= GOAL OF THE EXERCISE =
Nothing after the line with "Appartement à CERET" belongs in the copy; extract the lines below from the top through that line, pictures left out.

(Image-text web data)
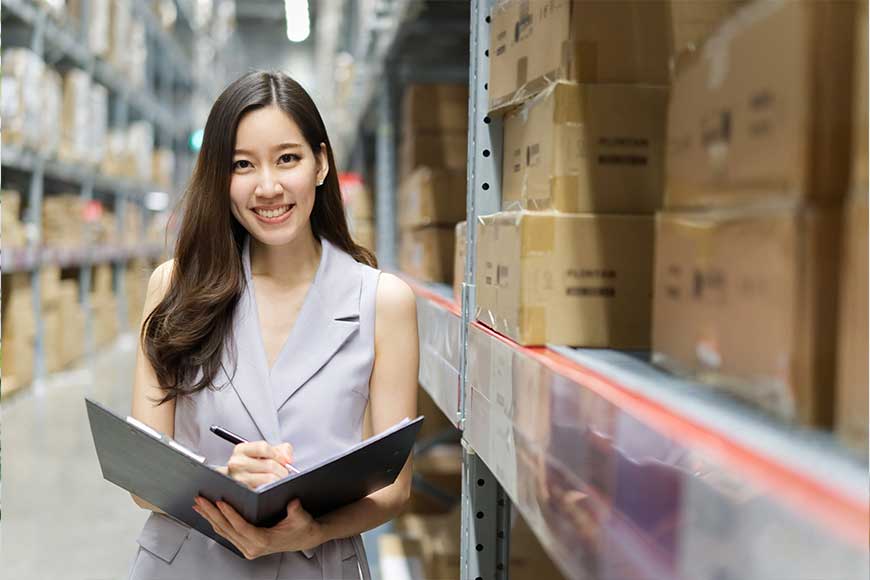 Bisnis-Distributor-Berkelanjutan-Mengintegrasikan-Aspek-Lingkungan-dan-Sosial-Qlausa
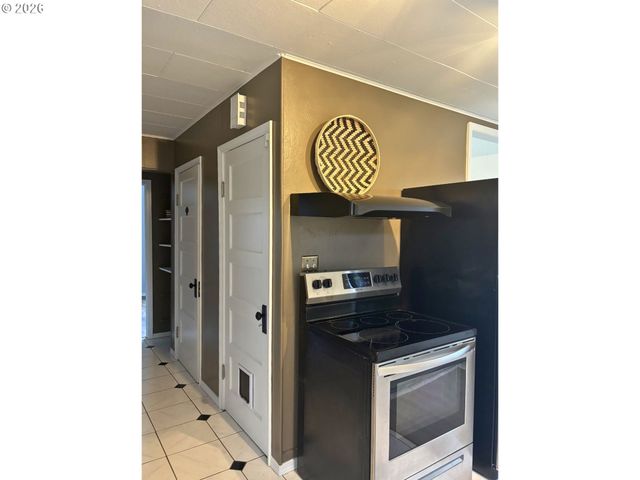 1011 INGERSOLL St, Coos Bay, OR 97420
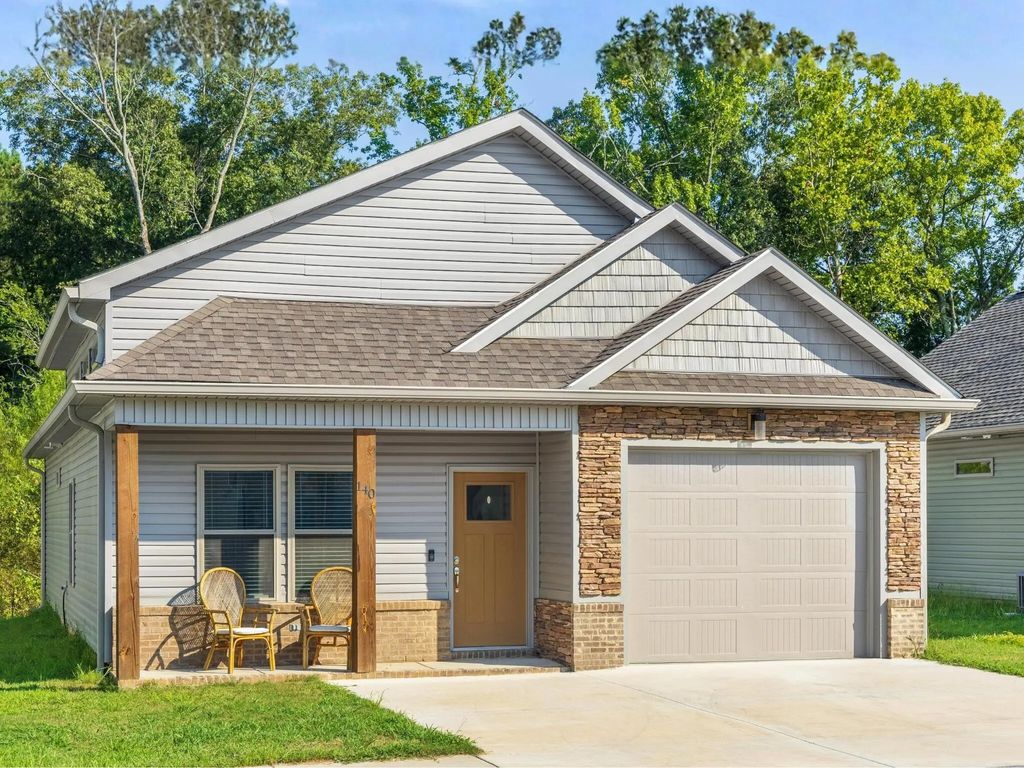 140 Rock Bridge Drive, Ringgold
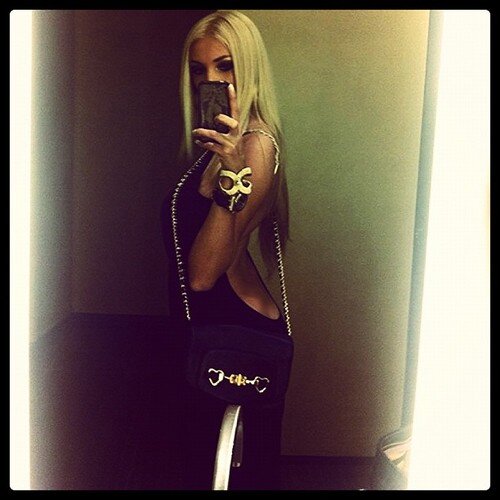 EulaAbry's profile picture. I get jealous over anything....a hug, a hi, bye, glance, text, phone call all that shit.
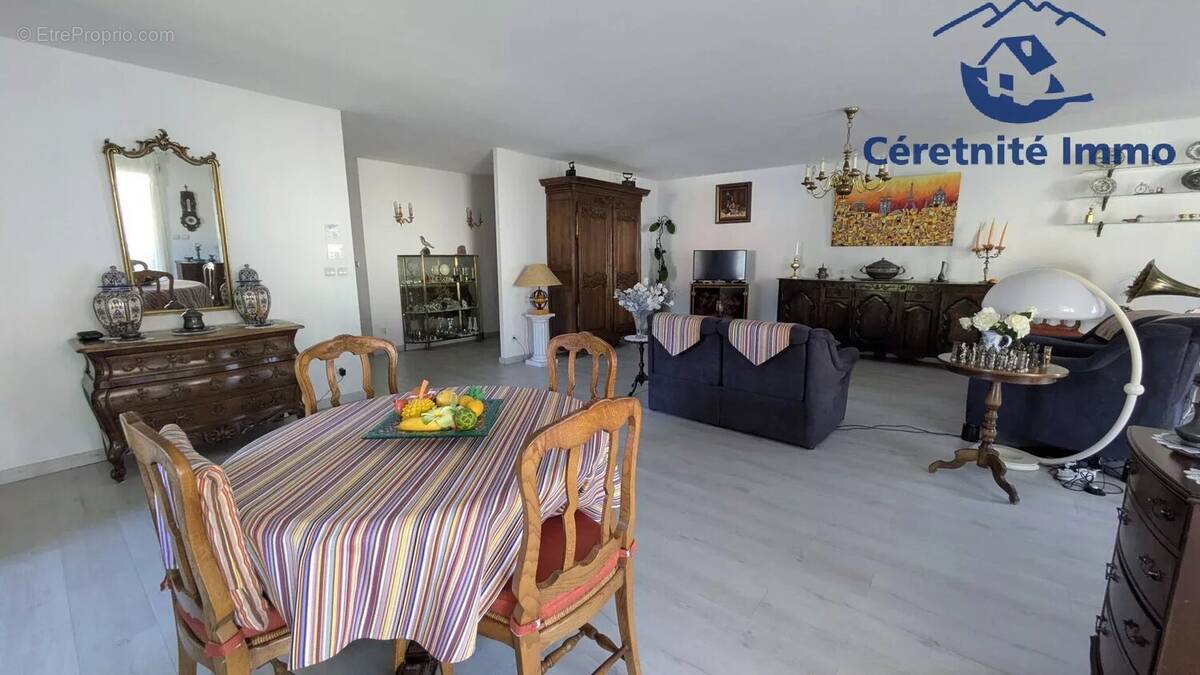 Appartement à CERET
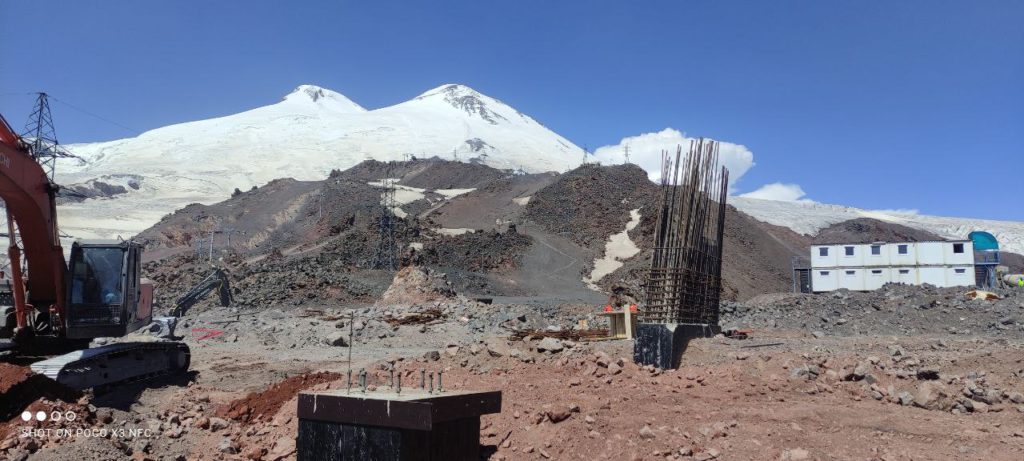 Installation of cable cars has begun at All-Season Resort Elbrus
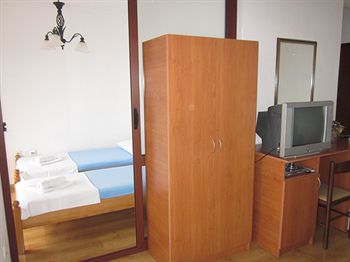 Фото Adriatic Apartments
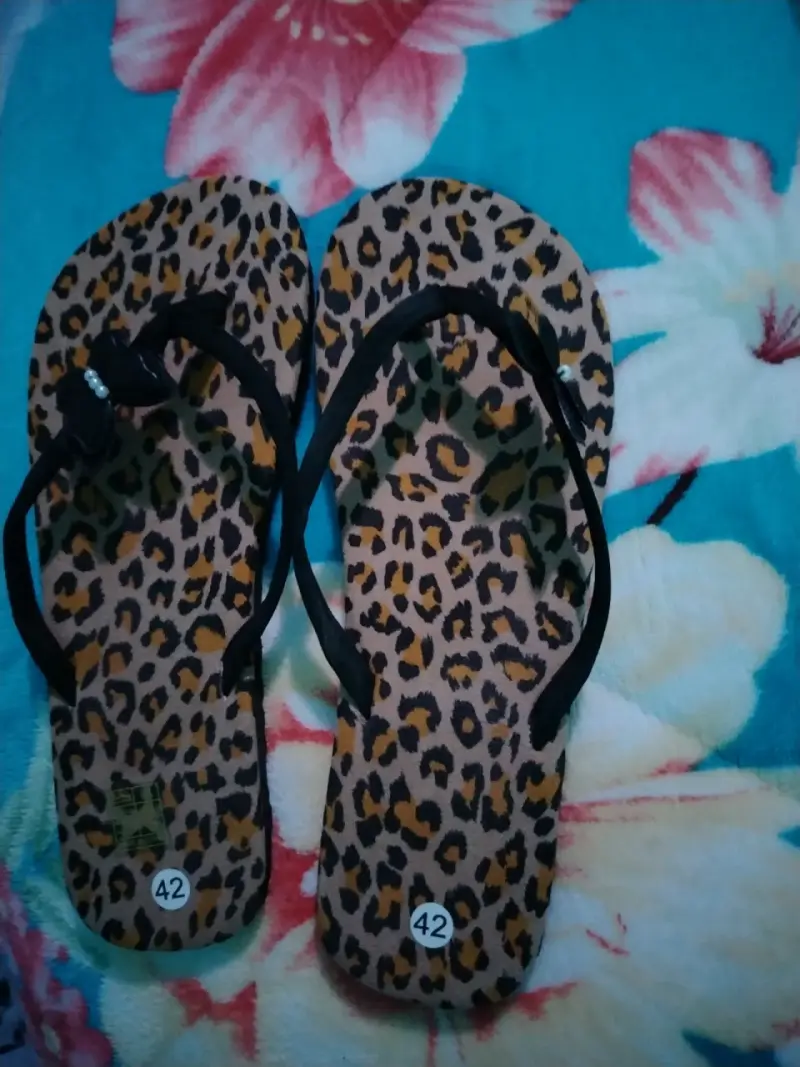 Sandalias de leopardo talla 42 - 1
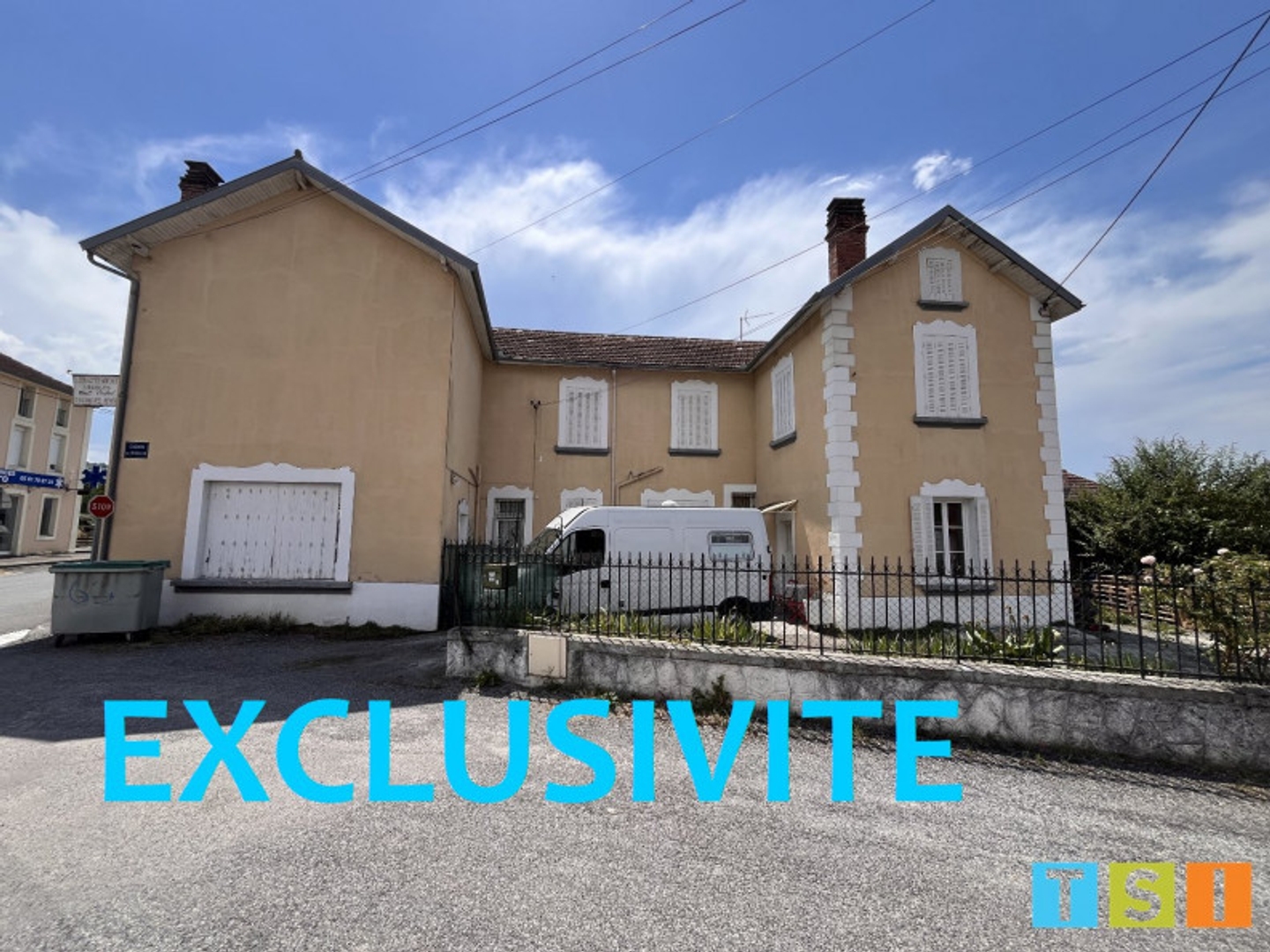 Immeuble mixte 111 m²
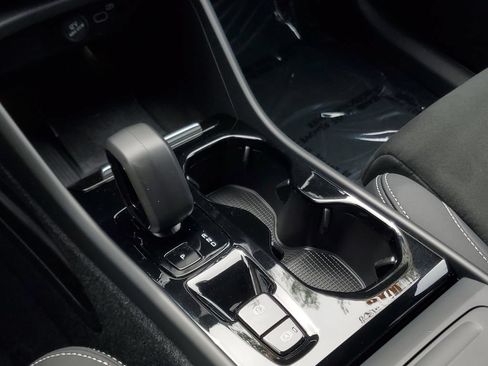 Certified 2023 Volvo XC40 B5 Plus w/ Climate Package AWD/4WD image 26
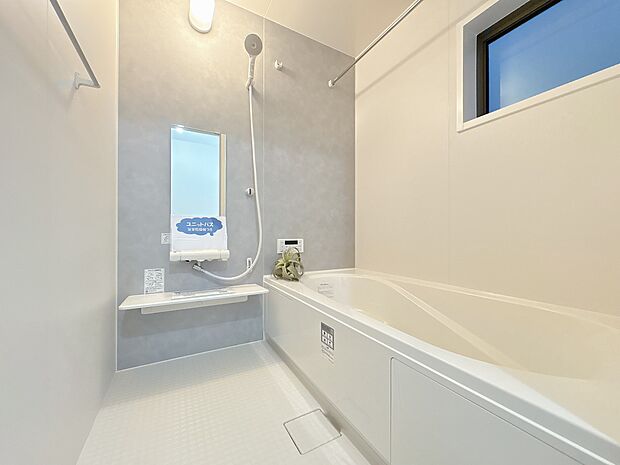 一日の疲れを癒すバスルームは、心地よいリラックスを叶える清潔感溢れる空間です。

= OUTPUT OF THE EXERCISE =
 Bisnis-Distributor-Berkelanjutan-Mengintegrasikan-Aspek-Lingkungan-dan-Sosial-Qlausa
 1011 INGERSOLL St, Coos Bay, OR 97420
 140 Rock Bridge Drive, Ringgold
 EulaAbry's profile picture. I get jealous over anything....a hug, a hi, bye, glance, text, phone call all that shit.
 Appartement à CERET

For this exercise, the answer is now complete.